I downloaded the free Space Shooter application from the asset store and modified it so that I could insert multiple instances of the game in one scene. I imported the package, ML-AgentsWithPlugin. Then I started experimenting with the Python Tensorflow kit and curriculum learning.
The first video shows the results with one brain, which was trained with the Jupyter notebook, PPO. The notebook has maximum number of steps set to 150,000. The agents run 5000 steps before the academy evaluates the results. The curriculum consists of 5 steps, where each lesson has one more target than the previous lesson. The first lesson starts with two targets. The last lesson has an enemy that fires at the player.
The reward algorithm rewards the player for firing at targets and for hitting targets. Also, the reward algorithm encourages the player to stay in the center of the game's boundaries as much as possible.

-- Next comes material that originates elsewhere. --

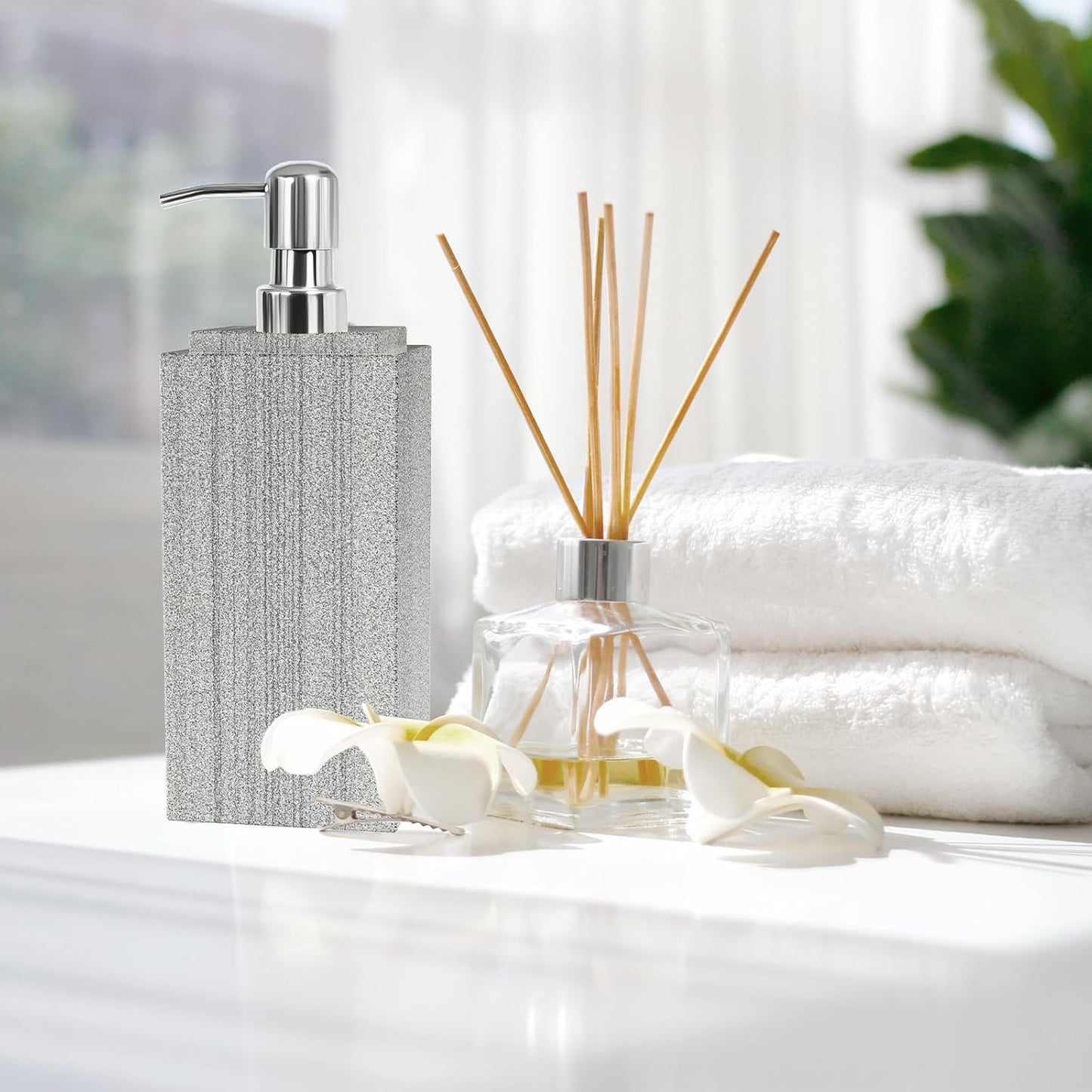 Marble Soap Dispenser for Bathroom, Amaauto Natural Marble Hand Liquid&Lotion Soap Dispenser Pump Bottle for Kitchen Bathroom Countertop Holds Dish Soap Shampoo Laundry Liquid Shower Gel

The reward decreases as the player moves away from the center. Finally, the player is penalized when he is killed.
Notice in the first video that the score reaches approximately 1200 points after 5000 steps.
The second video shows the results with two brains, which were trained with the same Jupyter notebook, PPO. The second brain in this experiment is an Heuristic brain, which is attached to the player. This brain augments the weapons system.
Notice in the second video that the score reaches approximately 2300 points after 5000 steps.
The image of the first set of Tensorboard graphs was taken after the first experiment. Readings were taken every 1000 steps. The values appear jagged because every new wave of enemies placed them randomly, and this upset the brain's algorithm. As you can see, it recovers. The same problem occurred after every lesson when additional enemies were added to the wave.
The image of the second set of Tensorboard graphs was taken after the second experiment. It shows similar, jagged lines. The value graph starts at an initial, higher reward due to the additional brain's weapon system. The randomness of the attack waves upsets the algorithm, nonetheless, and the brain had to establish control over the wave. It took some time to recover.
The third image is a superimposed image of the first two images.
You can see the project at the Github repository, https://github.com/rmgalante/Unity-ML-Agents-Challenge.